Tentu bukan hanya smartphone, dompet, earphone, dan kunci apartemennya juga ikut terbawa. Apapun yang ada di tubuhnya saat itu ikut dipindahkan ke dunia ini.
Dimas tersenyum, membuka ponselnya, melihat wallpaper dan berbagai icon aplikasi di berandanya. Membuka aplikasi Youtube, tak ada yang muncul, hanya pemberitahuan bahwa ponsel tidak terhubung ke jaringan internet.
Dimas menghela napas kecewa, dia telah mencoba menghubungi temannya, baik lewat Whatsapp atau telpon langsung, namun tak ada yang sampai. Tidak ada internet, atau jaringan apapun di sini, seolah hidup di pulau yang tak tersentuh peradaban.
Tentu, meski tak terhubung ke internet, Dimas masih bisa memanjakan diri dengan beberapa hiburan offline. Ada banyak musik, film dan game offline yang telah diunduhnya, seperti Catur, Piano Tiles, Plants vs Zombie, Subway Surfers dan lainnya.
Tapi, melihat baterai ponsel yang tinggal 60%, Dimas ragu untuk menggunakannya, dia tak tahu bagaimana mengisi ulang daya baterai, tidak ada colokan listrik di sini.
Rumah Mande Rubayah saja hanya diterangi oleh lampu minyak. Bahkan jika ada colokan pun, charger ponselnya tidak terbawa bersamanya, jika daya baterainya habis, dia tak tahu lagi harus melakukan apa, karenanya Dimas sangat berhemat dalam menggunakannya.
Meletakkan kembali ponsel di dalam jasnya, Dimas menutup mata, beban emosional atas kepindahannya yang tiba-tiba terlalu berat, untuk sekarang, yang dibutuhkannya adalah istirahat, untuk apa yang harus dilakukan selanjutnya, dia akan memikirkannya besok.

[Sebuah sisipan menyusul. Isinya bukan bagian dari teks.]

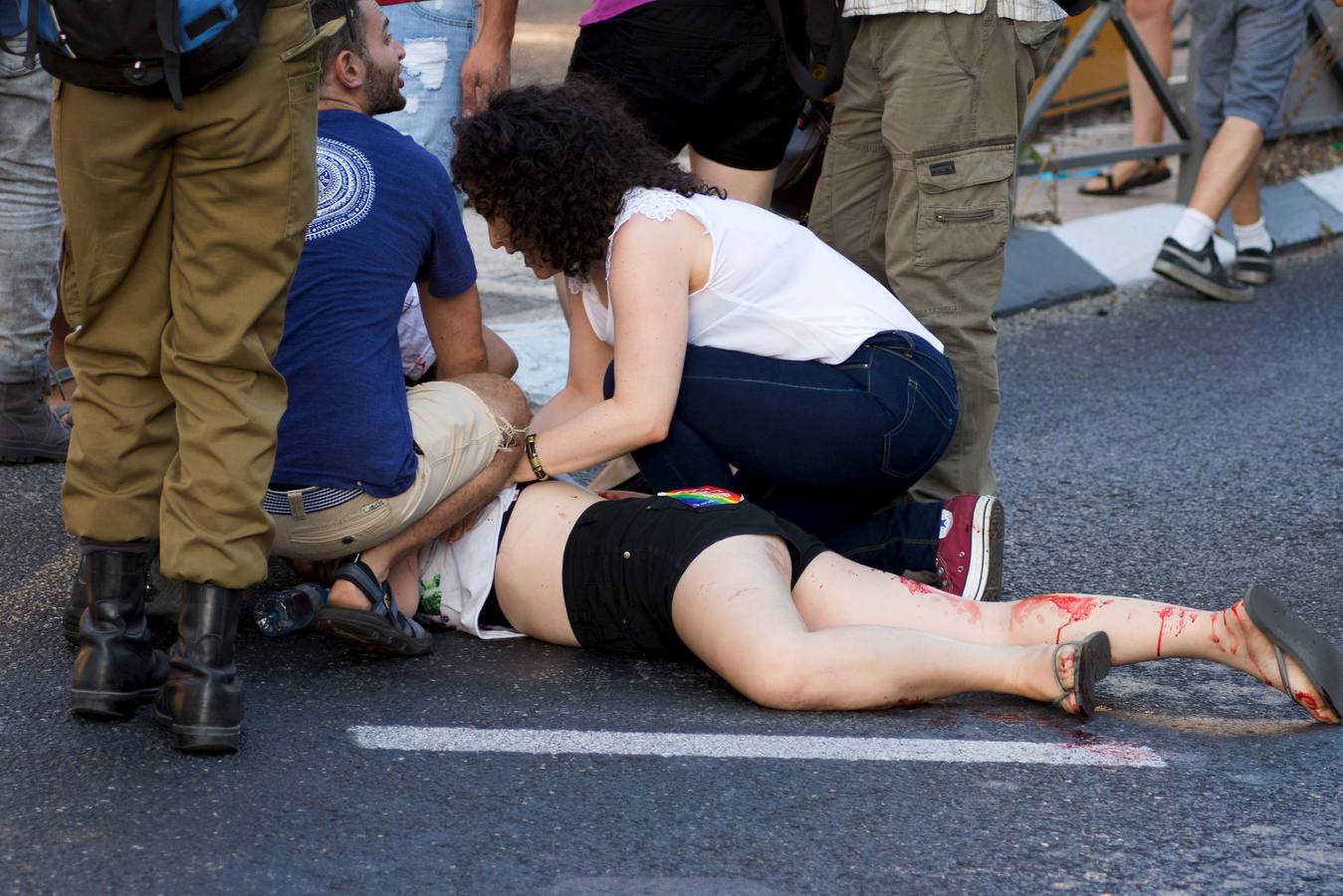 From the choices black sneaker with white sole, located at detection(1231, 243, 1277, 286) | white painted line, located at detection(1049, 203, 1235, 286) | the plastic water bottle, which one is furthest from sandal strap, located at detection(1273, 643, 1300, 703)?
black sneaker with white sole, located at detection(1231, 243, 1277, 286)

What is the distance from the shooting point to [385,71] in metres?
2.82

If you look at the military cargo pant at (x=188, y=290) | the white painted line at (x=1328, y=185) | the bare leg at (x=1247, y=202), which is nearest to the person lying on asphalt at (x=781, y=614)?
the military cargo pant at (x=188, y=290)

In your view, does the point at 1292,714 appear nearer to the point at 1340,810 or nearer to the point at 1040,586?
the point at 1340,810

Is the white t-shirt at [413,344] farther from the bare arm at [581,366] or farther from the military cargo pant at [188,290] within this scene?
the military cargo pant at [188,290]

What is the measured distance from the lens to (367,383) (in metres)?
2.66

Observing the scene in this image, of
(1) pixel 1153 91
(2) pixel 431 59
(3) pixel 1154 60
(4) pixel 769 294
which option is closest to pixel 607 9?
(2) pixel 431 59

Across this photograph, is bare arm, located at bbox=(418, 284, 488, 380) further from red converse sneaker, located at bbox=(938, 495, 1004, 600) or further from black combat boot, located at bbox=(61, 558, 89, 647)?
red converse sneaker, located at bbox=(938, 495, 1004, 600)

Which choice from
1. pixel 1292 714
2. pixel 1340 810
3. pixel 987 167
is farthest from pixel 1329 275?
pixel 1340 810

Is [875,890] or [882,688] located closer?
[875,890]

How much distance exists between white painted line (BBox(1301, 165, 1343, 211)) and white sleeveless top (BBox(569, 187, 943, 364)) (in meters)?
4.79

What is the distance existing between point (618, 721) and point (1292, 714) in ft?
3.48

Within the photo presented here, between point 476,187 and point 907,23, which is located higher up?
point 907,23

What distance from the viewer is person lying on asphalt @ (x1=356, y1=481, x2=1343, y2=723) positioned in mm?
2441

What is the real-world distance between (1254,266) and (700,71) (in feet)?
10.9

Ketika Dimas tertidur, tanpa sepengetahuannya, Mande Rubayah kembali untuk melihatnya. Senyum kecil terbentuk di wajahnya, matanya yang sayu menatap lekat-lekat pada figurnya. Segera, pemandangan Dimas yang tertidur tampak tumpang tindih, bercampur dengan pemandangan putranya, Malin.
Mande Rubaya mengusap matanya, menemukan adanya tanda genangan air mata di sana. Melihat kembali pada figur Dimas yang tertidur, bohong jika dia tidak berharap bahwa yang ada di posisi itu adalah putranya sendiri, Malin Kundang.
Namun apa daya, kenyataannya tak begitu. Dia memang berterima kasih pada pemuda itu yang tampaknya menjadi penghiburan kecil dalam penderitaannya, tapi tetap saja, dia masih menginginkan anaknya.
Dalam luapan kesedihan itu, Mande Rubayah mengatupkan kedua tangannya, menatap ke atas, berdoa dengan khikmat di dalam hatinya. 'Ya Tuhan, tolong tunjukan kuasamu, tunjukkan padaku bahwa pria itu memanglah Malin, anakku, tolong beri hambamu ini petunjukmu ya Tuhan.'
Mande Rubayah kembali mengusap wajahnya yang sudah penuh akan air mata. Memberi Dimas pandangan terakhir, dia berjalan kembali ke kamarnya.
Di luar, tanpa diketahuinya, hujan turun semakin deras, disertai angin kencang, bahkan tak jarang kilat menyambar, menghasilkan suara gemuruh yang mengerikan.
Namun anehnya, kondisi rumah Mande Rubayah tampak tenang, seolah badai di luar tak sedikit pun mempengaruhi rumah tua ini. Sebaliknya, kondisi di lautan sangat mengkhawatirkan, medannya menjadi ancaman bagi kapal manapun yang sedang berlayar.